ExxonMobil Starts New Low Carbon Emissions Business

ExxonMobil has historically stayed focused on fossil fuels, even as activists called for action on climate change. The Wall Street Journal points out that, “Exxon hasn't invested substantially in renewables, instead choosing to double down on oil and gas, arguing the world will need vast amounts of fossil fuels for decades to come.”

But last week, the oil giant announced a new business to commercialize its extensive low-carbon technology. The new business, called ExxonMobil Low Carbon Solutions, will start with $3 billion in investments through 2025. 

Emission reduction efforts will initially focus on carbon capture and storage. ExxonMobil outlined plans for more than 20 new opportunities, all aimed at enabling large-scale emission reductions.

The move comes after activists and investors have pressured the ExxonMobil board to do more—and do it faster—to reduce the company’s carbon footprint and improve financial outlook. 

ExxonMobil endured one of its worst financial performances ever in 2020. Engine No. 1 LLC, an activist investor group, has argued that the company should focus more on investments in clean energy while cutting costs elsewhere to preserve its dividend.

Recapturing Investors (and Carbon)

Some in the oil and gas industry see carbon capture as a way to lower the carbon footprint of fossil fuels. ExxonMobil currently uses a process called enhanced oil recovery, which pumps carbon into older oil and gas reservoirs to increase pressure and produce more fossil fuels. Most of the CO2 is pumped up from the ground as a byproduct, and then it’s processed and sold to nearby crude operators to enhance their oil recovery.

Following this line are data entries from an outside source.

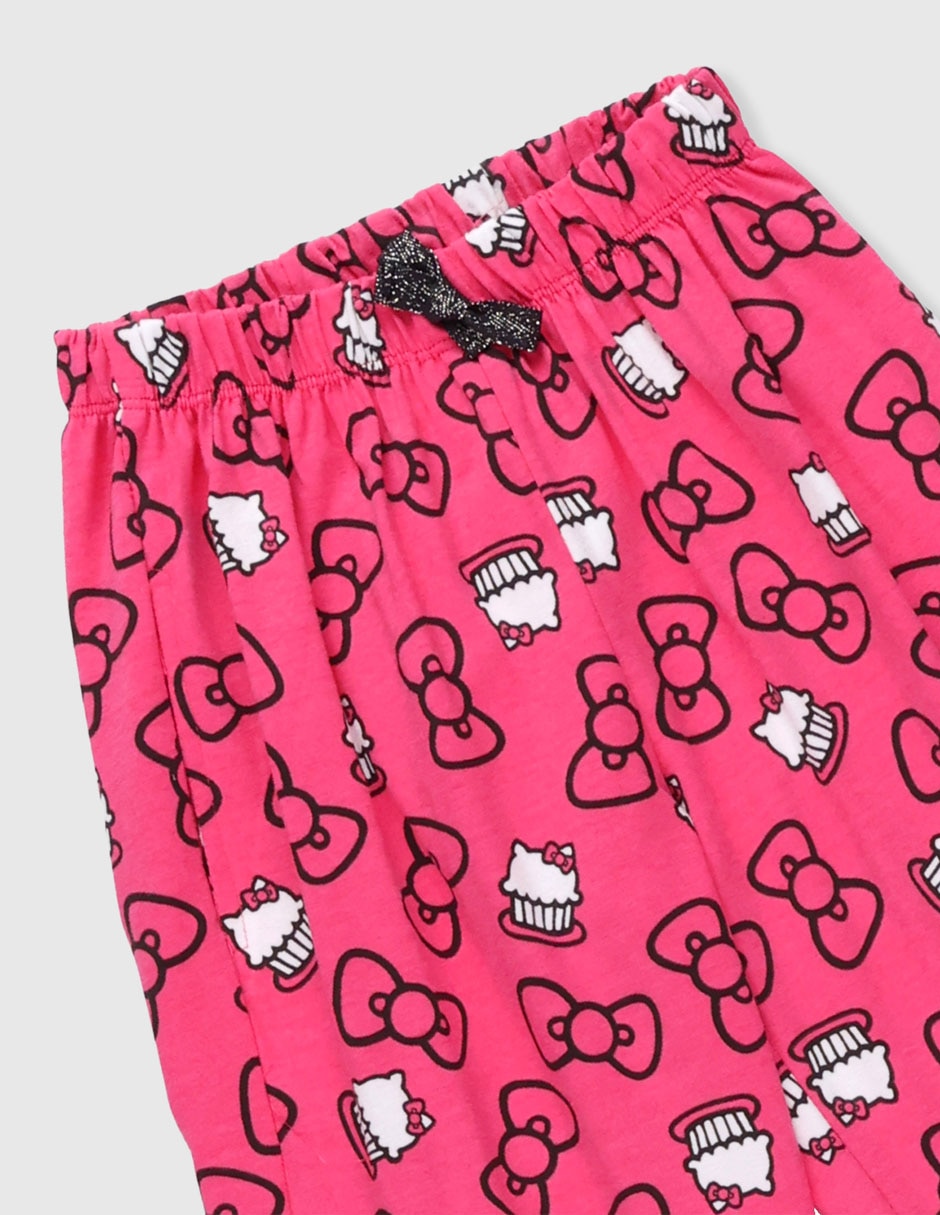 Conjunto pijama para niña 4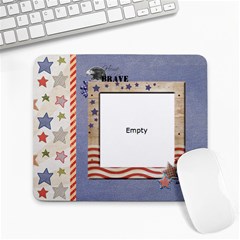 4th of july Family Mousepad - Large Mousepad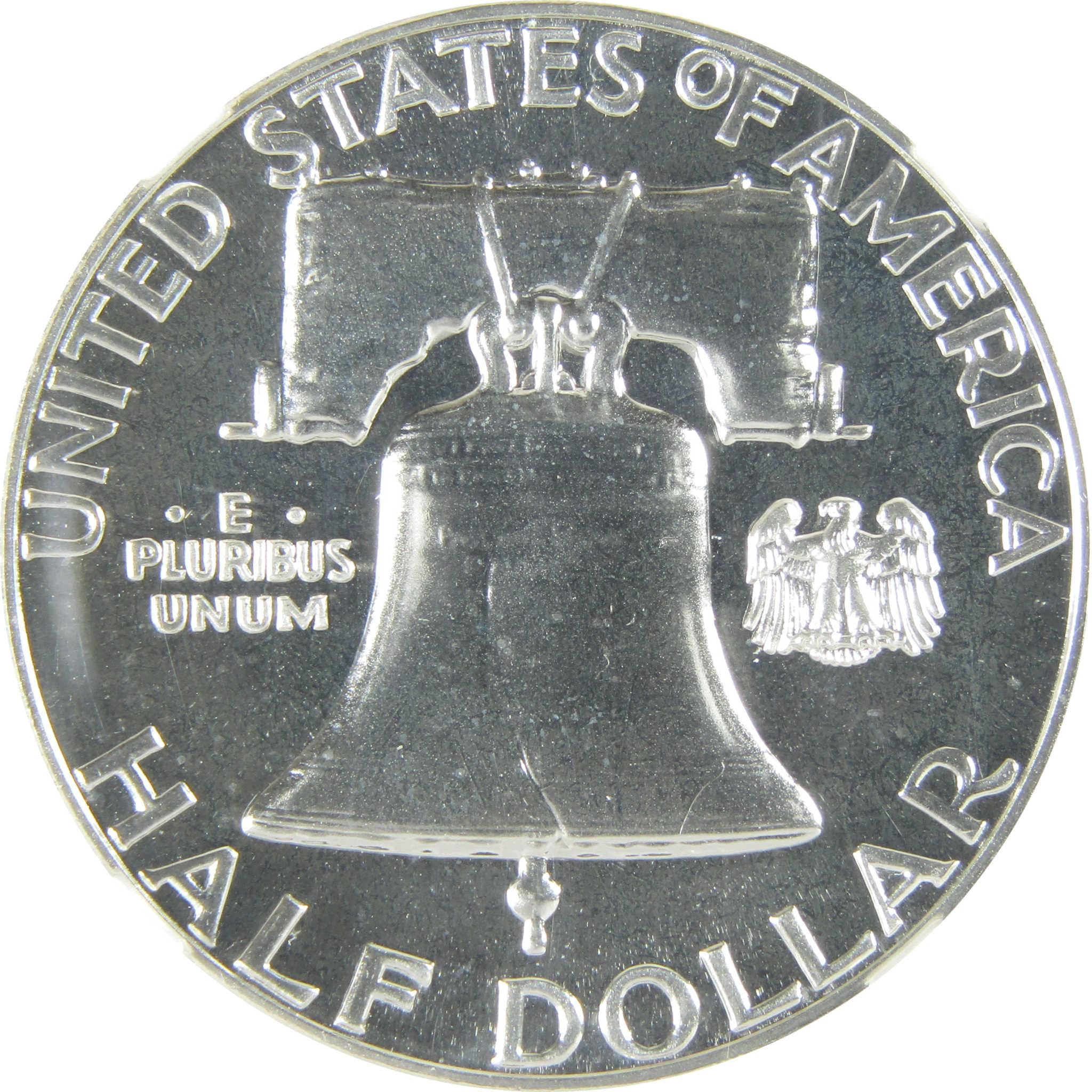 1962 Franklin Silver Half Dollar PF 69 NGC Proof 50c Coin SKU:I27417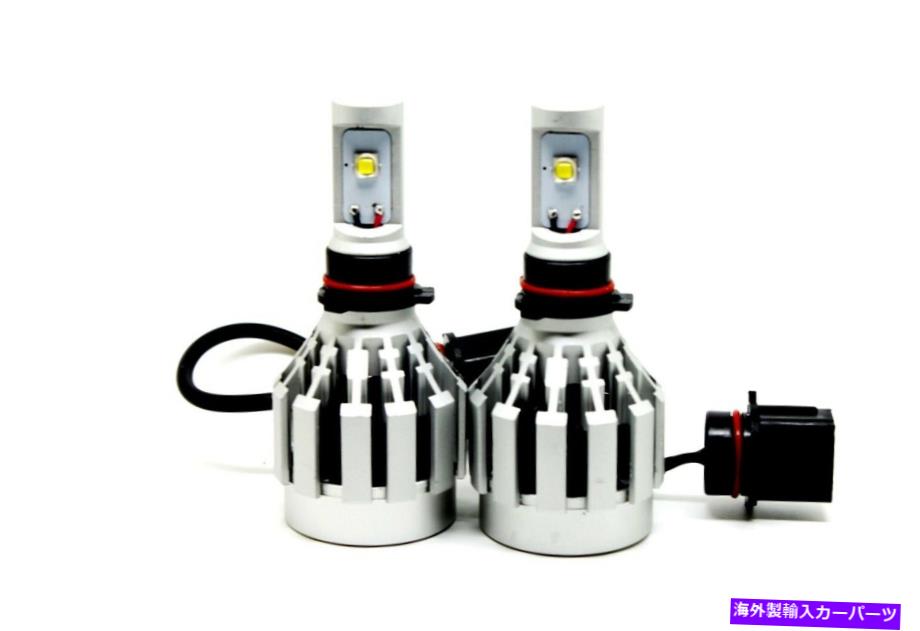 USヘッドライト Putco Lighting 260013WクリーXM-L2ヘッドライトキットは13カマロにフィット Putco Lighting 260013W Cree XM-L2 Headlight Kit Fits 13 Camaro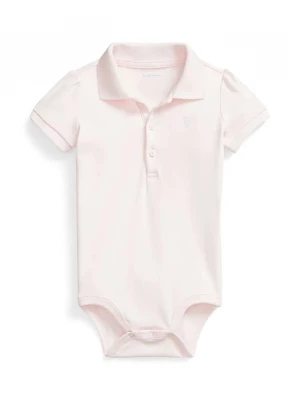 Obrázek produktu Polo Ralph Lauren Kojenecké body Polo Ralph Lauren růžová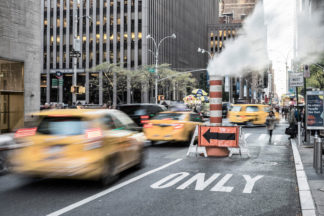 Taxi, New York City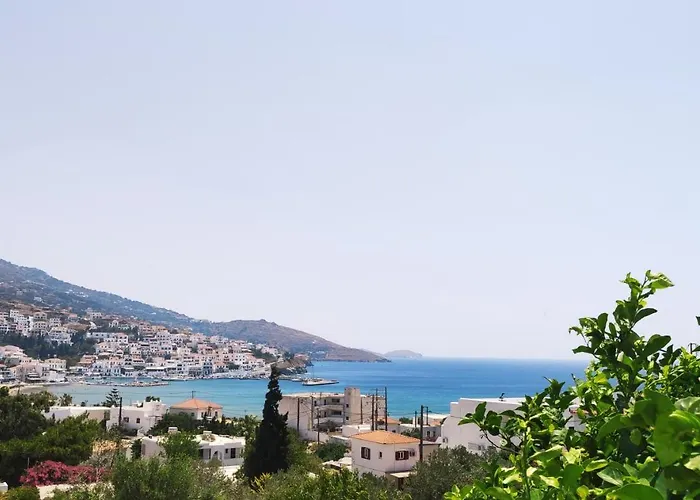 Appartement Chrysa's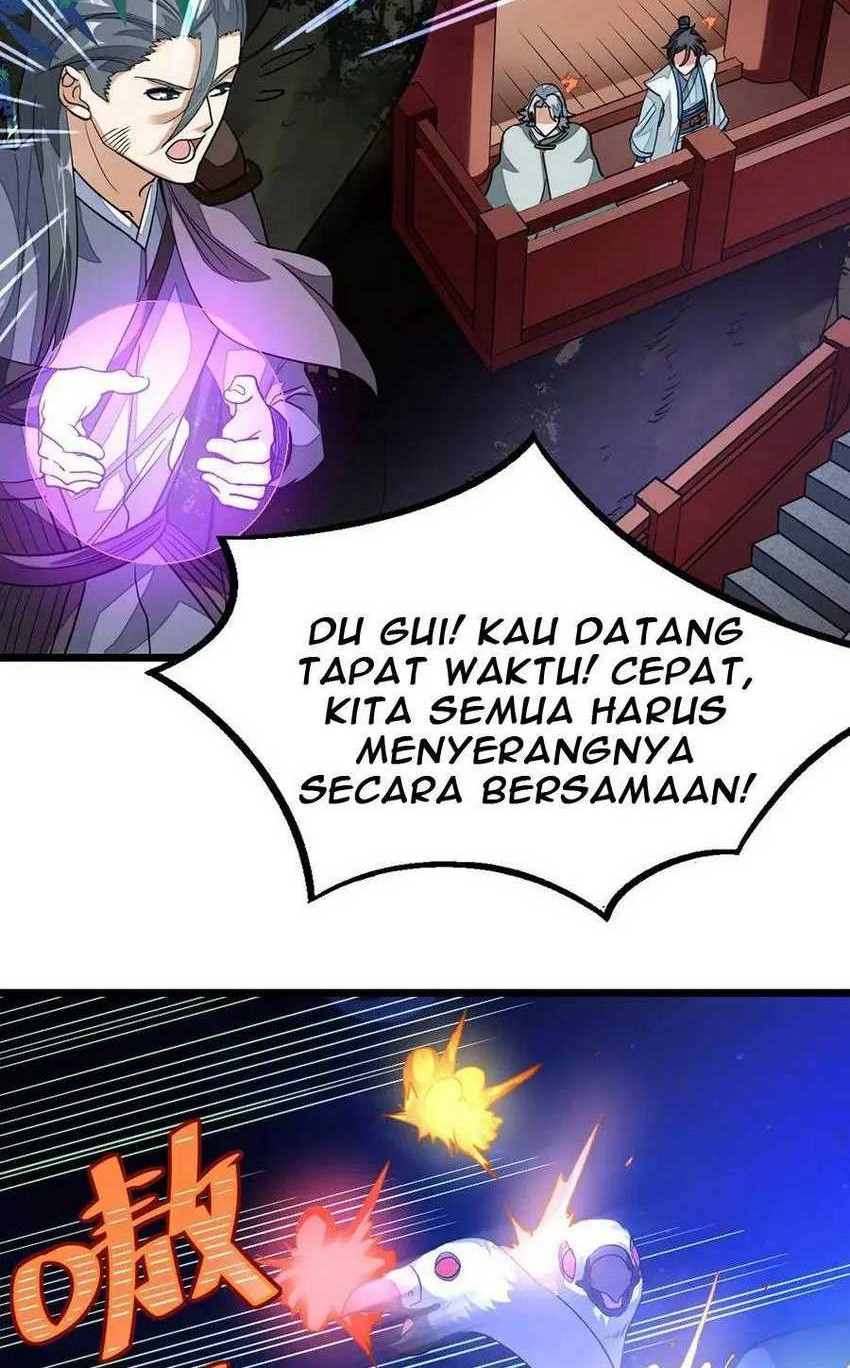 Jiuyang Shenwang Chapter 120 Gambar 10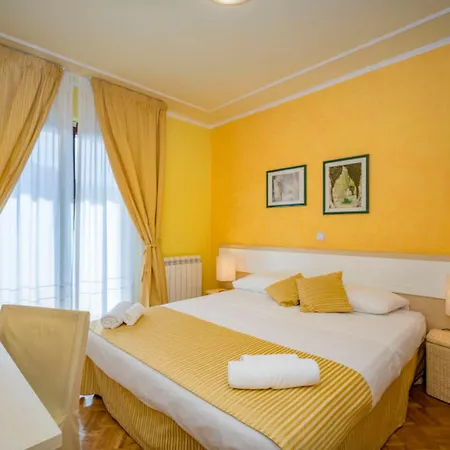Apartments Villa Rossella 1 Rovinj Chambre photo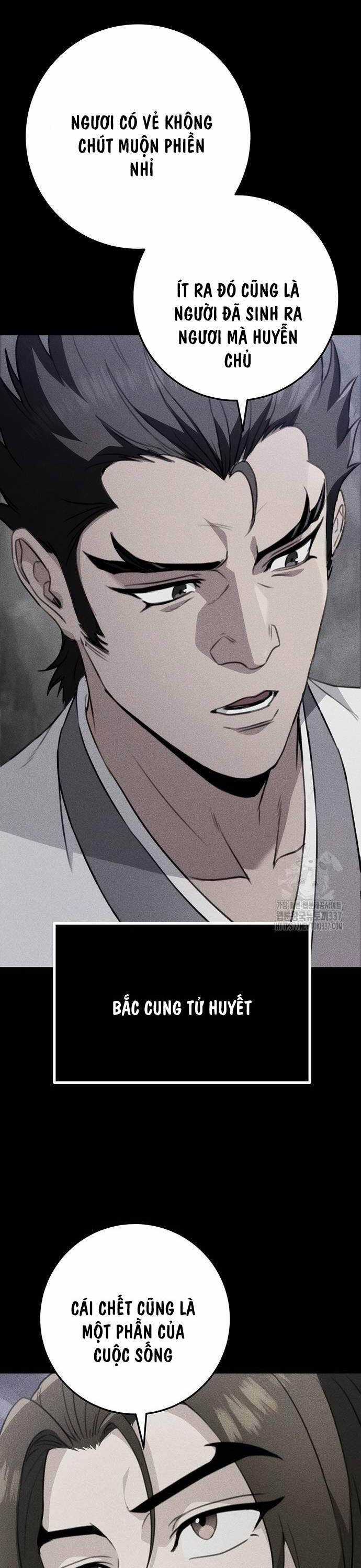 Thanh Kiếm Của Hoàng Đế Chương 53 trang 25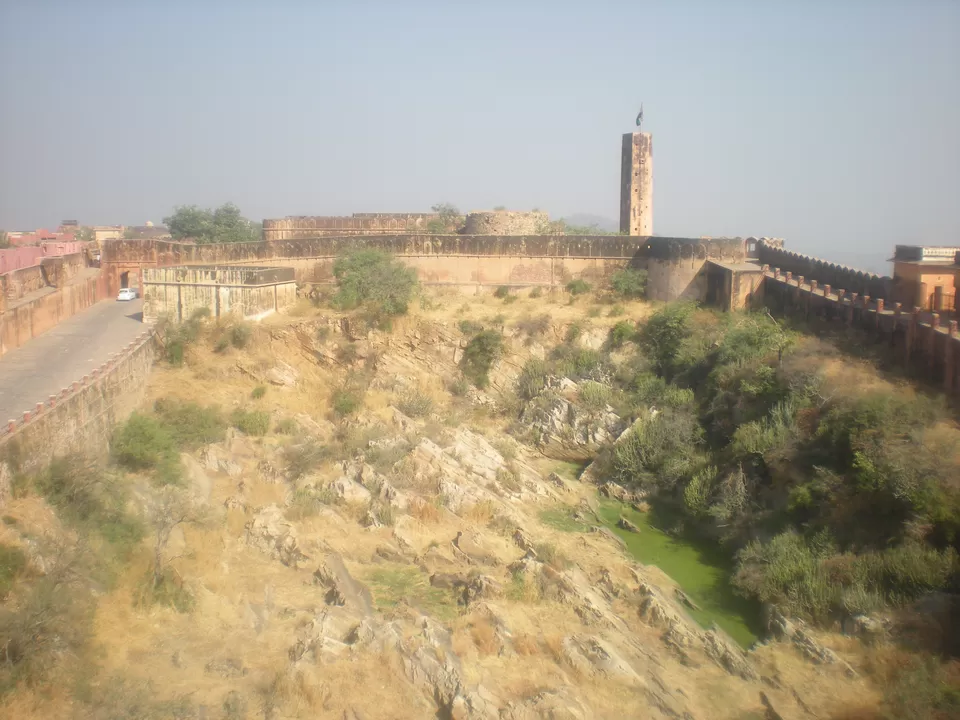 Photo of Jaigarh Fort, Jaipur, Rajasthan, India by malayaja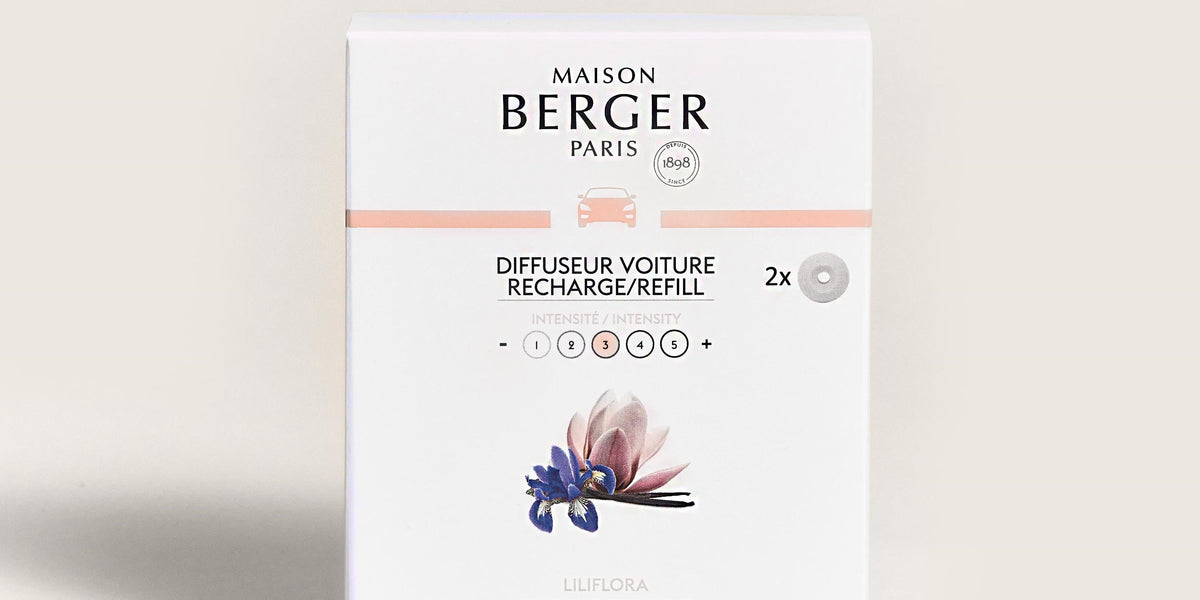 Maison Berger RECHARGE VOITURE CERAMIQUE MUSC COCOON Parfum d Maison Berger RECHARGE VOITURE CERAMIQUE MUSC COCOON Parfum d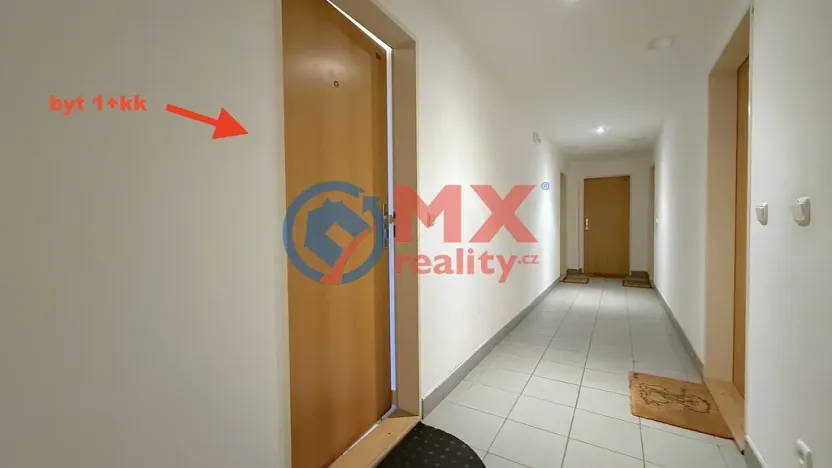 Prodej bytu 1+kk, Praha - Libeň, Kurta Konráda, 25 m2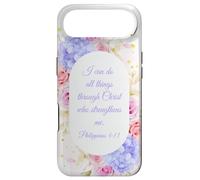 Custodia per iPhone Air I Can Do All Things Through Christ - Philippians 4:13 Women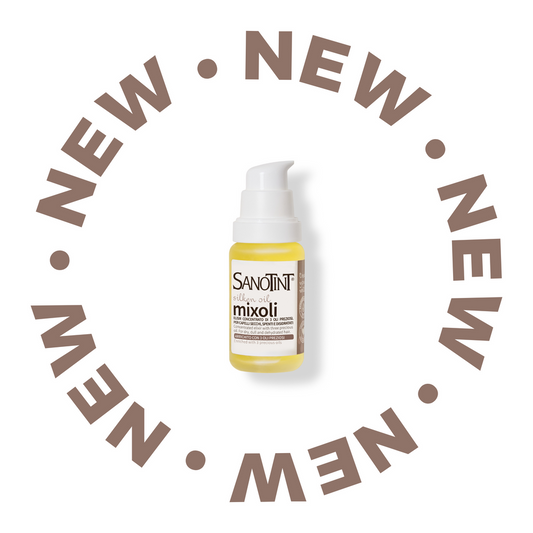 SANOTINT ELISIR MIX OIL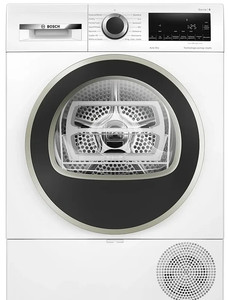 Изображение товара Сушильная машина Bosch WQG1417EPL с тепловым насосом и 14 программ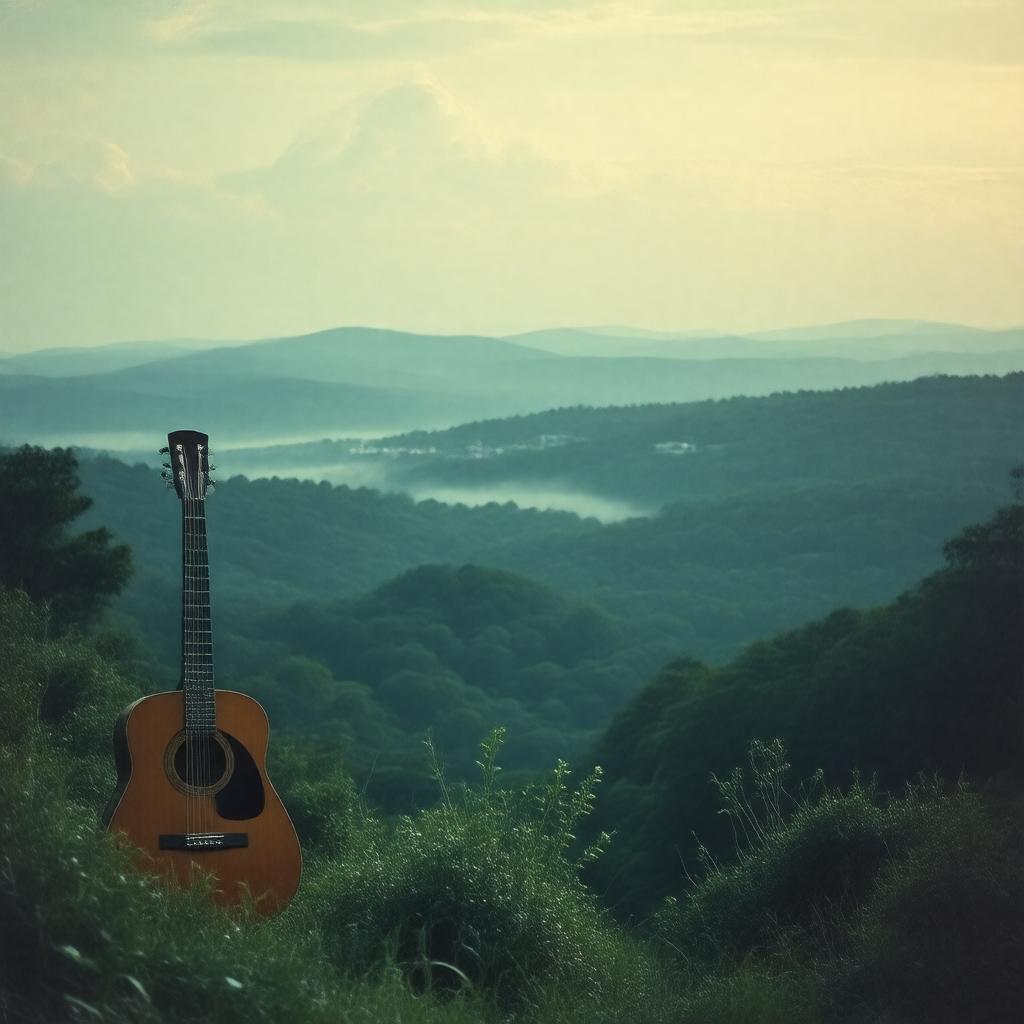 AI-created image of Carolina in My Mind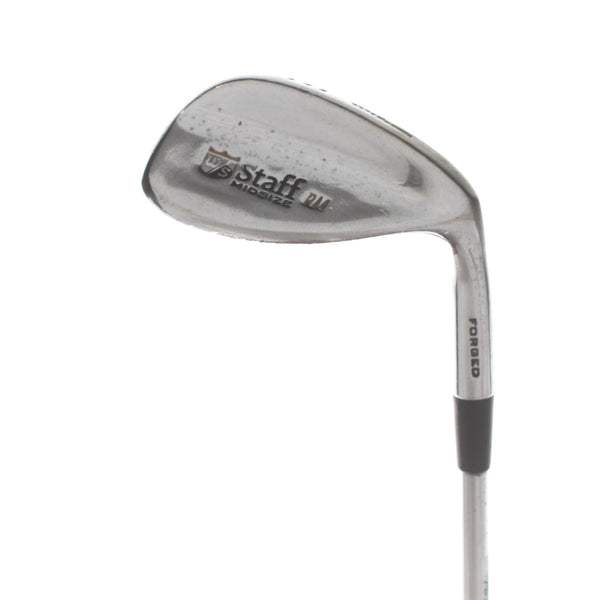 Wilson Staff RM Midsize Steel Mens Right Hand Sand Wedge 55* Regular - Dynamic Gold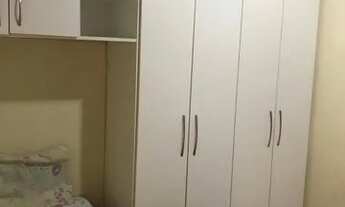 Imagem 4: Quarto Feminino Individual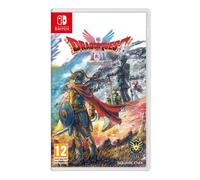 Dragon Quest I & II HD-2D Remake Switch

Investors and advocates claim ExxonMobil’s announcement doesn’t go far enough. Several of the projects touted by ExxonMobil aren’t even new, and the planned investments represent less than 5% of its capital budget.

Coalition United for a Responsible Exxon (CURE), a global spectrum of stakeholders focused on sustainability, wrote in a statement, “Exxon has ignored both the desires of its key stakeholders and the financial risks and opportunities of the transition happening in energy markets toward cleaner, more sustainable forms of energy. This is no longer tenable.”

Another loud voice working to push for sustainability practices at ExxonMobil is Engine No. 1, an activist investment firm. In its response to the announcement, it said, “Today’s patchwork of announcements do not materially alter ExxonMobil’s long-term trajectory nor do they position it to succeed in a changing world.” 

These activist investor groups have been calling for ExxonMobil to refresh its board and to put a larger focus on green initiatives. 

Asking for Green

As it announces these carbon capture initiatives, ExxonMobil is pushing for government support to make the technology more commercially attractive. It has supported an existing tax credit in the U.S. (45Q, for those who want to follow along at home) for companies that capture and store carbon. In general, oil majors have been unwilling to invest heavily in carbon capture without extra government support or regulation.

When it comes down to it, we see the ExxonMobil announcement as a big deal, coming from a company historically focused on maximizing traditional fossil fuels and ignoring the activist shareholders or pivoting for the energy transition.